__What the task requires__
Lines from the line with "Beyaz Regular Fit Pamuklu Tişört - 5" to the line with "205 Spring Branch" in the entries below, and only those, must be output exactly, with both ends included.
* * * * *
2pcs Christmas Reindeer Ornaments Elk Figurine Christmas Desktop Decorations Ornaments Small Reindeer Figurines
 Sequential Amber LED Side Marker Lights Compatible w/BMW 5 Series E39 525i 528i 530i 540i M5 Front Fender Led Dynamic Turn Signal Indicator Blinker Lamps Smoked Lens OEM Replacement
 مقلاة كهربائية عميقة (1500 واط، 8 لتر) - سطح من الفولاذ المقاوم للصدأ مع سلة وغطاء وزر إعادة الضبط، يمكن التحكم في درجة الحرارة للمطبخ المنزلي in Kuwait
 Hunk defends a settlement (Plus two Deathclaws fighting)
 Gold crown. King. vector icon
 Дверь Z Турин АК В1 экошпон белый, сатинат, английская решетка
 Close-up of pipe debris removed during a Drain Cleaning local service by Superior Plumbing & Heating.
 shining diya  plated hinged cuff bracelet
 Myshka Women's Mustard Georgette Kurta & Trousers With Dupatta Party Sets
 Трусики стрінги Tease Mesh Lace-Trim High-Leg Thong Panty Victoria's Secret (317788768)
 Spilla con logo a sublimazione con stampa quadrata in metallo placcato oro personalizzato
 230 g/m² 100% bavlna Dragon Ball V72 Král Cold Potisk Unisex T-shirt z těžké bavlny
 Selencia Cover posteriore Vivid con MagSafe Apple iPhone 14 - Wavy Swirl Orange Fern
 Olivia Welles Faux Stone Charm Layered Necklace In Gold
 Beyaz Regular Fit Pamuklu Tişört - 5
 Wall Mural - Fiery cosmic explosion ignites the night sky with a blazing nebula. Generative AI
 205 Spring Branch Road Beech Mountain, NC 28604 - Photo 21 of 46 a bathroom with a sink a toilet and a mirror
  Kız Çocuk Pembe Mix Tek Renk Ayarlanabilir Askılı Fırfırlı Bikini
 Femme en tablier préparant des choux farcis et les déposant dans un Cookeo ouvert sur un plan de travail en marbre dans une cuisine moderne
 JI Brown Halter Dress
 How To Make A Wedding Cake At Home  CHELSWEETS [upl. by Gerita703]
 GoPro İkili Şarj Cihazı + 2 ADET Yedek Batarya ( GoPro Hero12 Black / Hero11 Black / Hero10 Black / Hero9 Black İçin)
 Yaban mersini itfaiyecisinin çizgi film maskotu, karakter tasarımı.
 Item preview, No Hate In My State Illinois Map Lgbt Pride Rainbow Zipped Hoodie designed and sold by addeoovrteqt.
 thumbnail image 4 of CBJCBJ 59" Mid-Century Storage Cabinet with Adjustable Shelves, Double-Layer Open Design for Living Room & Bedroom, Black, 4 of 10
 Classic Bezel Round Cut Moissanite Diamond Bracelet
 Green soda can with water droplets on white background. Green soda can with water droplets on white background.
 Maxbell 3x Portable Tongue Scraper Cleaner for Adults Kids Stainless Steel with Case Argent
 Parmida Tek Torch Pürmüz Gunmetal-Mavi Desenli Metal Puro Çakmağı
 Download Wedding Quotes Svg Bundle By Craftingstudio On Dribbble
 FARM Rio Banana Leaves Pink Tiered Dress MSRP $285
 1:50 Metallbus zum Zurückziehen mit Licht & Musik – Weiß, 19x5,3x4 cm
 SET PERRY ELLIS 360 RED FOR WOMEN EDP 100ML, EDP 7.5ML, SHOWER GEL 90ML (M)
* * * * *
__Output below__
 Beyaz Regular Fit Pamuklu Tişört - 5
 Wall Mural - Fiery cosmic explosion ignites the night sky with a blazing nebula. Generative AI
 205 Spring Branch Road Beech Mountain, NC 28604 - Photo 21 of 46 a bathroom with a sink a toilet and a mirror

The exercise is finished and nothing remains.